Conspiculous by his absence in the original book is Rocket Raccoon, the heroic character voiced by Bradley Cooper in the film. The feisty raccoon appeared years later, created by writer Bill Mantlo and illustrator Keith Giffen, who named the masked creature in tribute to the Beatles’ tune Rocky Raccoon.
They confirmed the Beatle’s influence in 1982 with a story that paraphrased John and Paul’s lyrics for the title. Called Now Somewhere In the Black Holes of Sirius Major There Lived a Young Boy Named Rocket Raccoon, the book saw the Hulk and Rocket Raccoon stop a villain from stealing Gideon’s Bible.
Rocket is latest raccoon, but not the only, to become a mammalian movie star.
Recently Liam Neeson starred in the animated movie The Nut Job, playing the imaginatively named Raccoon, the patriarch of a park, who might not have the best interests of the other animals top of mind.

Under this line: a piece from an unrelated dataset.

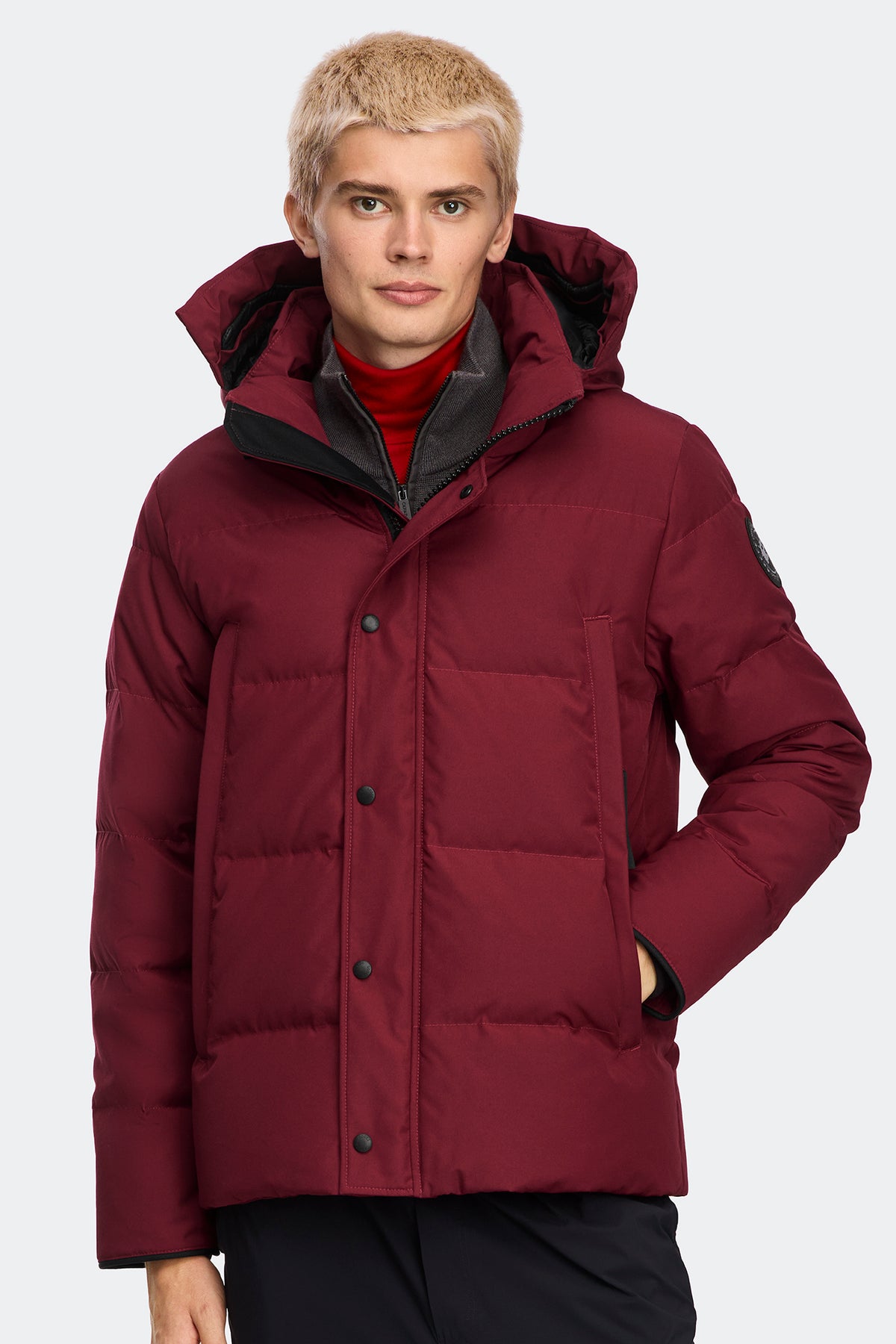 Wyndham Parka Black Disc - Burnt Vermillion 9601 - on_front_closed_01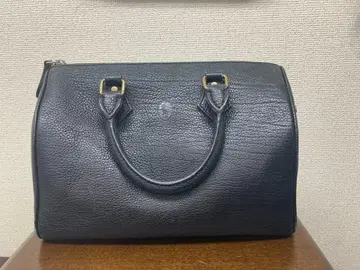 레어 모델 랄프 로렌 미니 보스턴 백 가죽 주름 가죽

The sixty-two year old Irish actor says he had never seen a raccoon until he was in his thirties, shooting an episode of Miami Vice in Florida. “Seeing this thing use his little paws and actually lifting a lid of a garbage can, peering in,” he says, “was quite sinister because it almost had a human quality to it, quite sneaky. I just had never seen a raccoon in my life before and the impression stayed with me.”
Other animated raccoons have worked steadily. Meeko, the raccoon from Disney’s Pocahontas and Pocahontas ll: Journey to a New World cartoon also makes appearances in Mickey’s Magical Christmas: Snowed in at the House of Mouse and in the Pocahontas video game. Then there’s RJ from Over the Hedge, a lovable raccoon voiced by Bruce Willis. “The rascally charm Bruce Willis brought to Moonlighting makes RJ a lovable rogue, or at least a likable one,” said director Karey Kirkpatrick.

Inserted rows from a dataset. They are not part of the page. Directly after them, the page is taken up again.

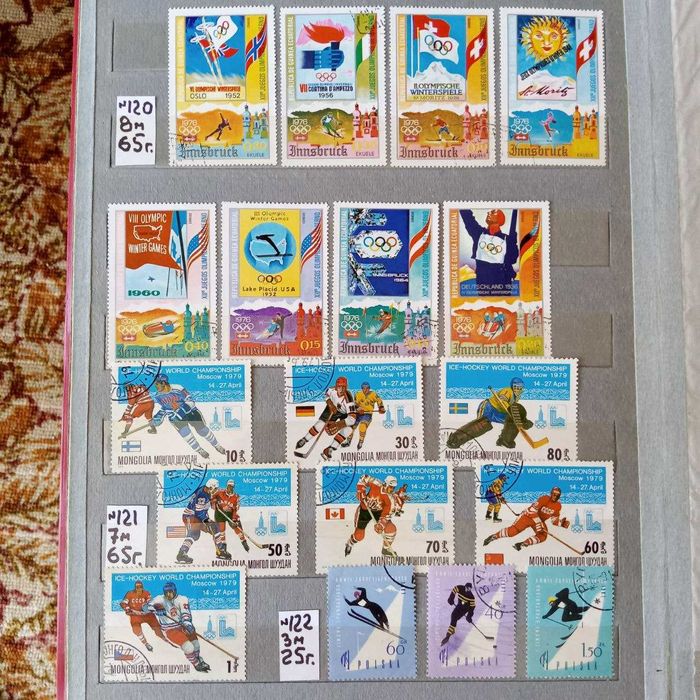 Марки, коллекция большая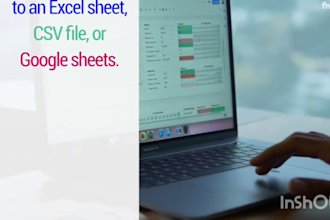 convert PDF to excel or CSV file, image, scanned docs to excel or google sheet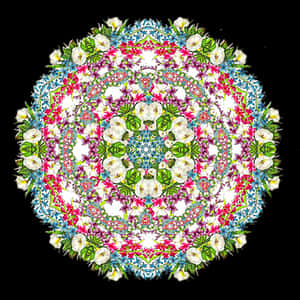 Mchoro wa Kaleidoscope ya Maua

Real-life raccoons are also getting work—in films like Rascal and The Details—but according to director Steve Carr they can present some problems. Tough guy actor Michael Rappaport voiced Joey, the consigliere raccoon, in Dr. Dolittle 2. The film featured over-250 four-legged cast members—including wolves, giraffes, bears, possums, raccoons, dogs, and owls—so Carr says, “A huge percentage of our work was waiting for the animals to do what they’re trained to do. And the patience that was needed well, it felt at times as if it were Herculean.”